So, let's assume the true odds are 1 in 5,308,416. Now how many times in a single year does a group of four people go to a chinese restaurant somewhere in the USA? I think it is at least an order of magnitude higher. If that is the case then this probably happens several times a year but it is usually not noticed.
 
I have been with a group where everyone got the same fortune, including the same lucky numbers. I assume that this was an error in the distribution process, but it does tell us something about the printing technology used in that case at least.

My guess would be that whoever writes the little bon mots just types in a string of numbers after them. However, I think it very likely that someone, somewhere, has used a random number generator, so I would think (1/42)^4 would be a reasonable upper limit.
 
The issue of it being the bonus number effects the chances. There have been numbers drawn already and they cannot be repeated.

Put it this way: are the chances of the first number listed being the birth date for the four people the same as the bonus number matching the birth date?

There is a constraint in place for the generation of a random bonus number. That constraint changes the odds. Almost 10% of the time, it will be impossible that the bonus number matches the day because that number has already been drawn. It's not a simple exercise.

I'm convinced that the answer given is wrong and I'll see if the correct answer is offered.

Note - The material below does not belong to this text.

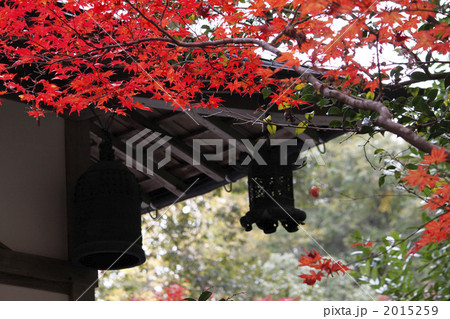 ２０１０年紅葉 2015259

BTW, I am assuming entirely random number generation along with no biaas in printing/distribution.
 
NiallM, as I said before, it makes no difference whether the bonus number is drawn first or last, unless the bonus number is in some way special. In Michigan they have a pick 6 of 48 lotto, and then the bonus ball is drawn from a separate tub of seven red balls. Obviously then the bonus number is different.

However, if the bonus number is an just an extra ball drawn last from the tub of 48 numbers, then its chances are still just 1 in 48.

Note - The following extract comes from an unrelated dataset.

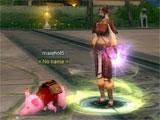 Adorable pig pet in Silkroad-R Adorable pig pet in Silkroad-R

Let me do the math for two numbers drawn from 48 balls 1-48. What is the chance that 1 will be drawn first? 1 in 48.

What about the second ball? There are two cases--1 is drawn first, and one is not drawn first.

In case 1, the chance of 1 being drawn second is zero.
In case 2, the chance of 1 being drawn second is 1 in 47.

Net results of 1 being drawn second is

(1/48 * 0) + (47/48 * 1/47) = 0 + 1/48 = 1/48. Same as 1 being drawn first.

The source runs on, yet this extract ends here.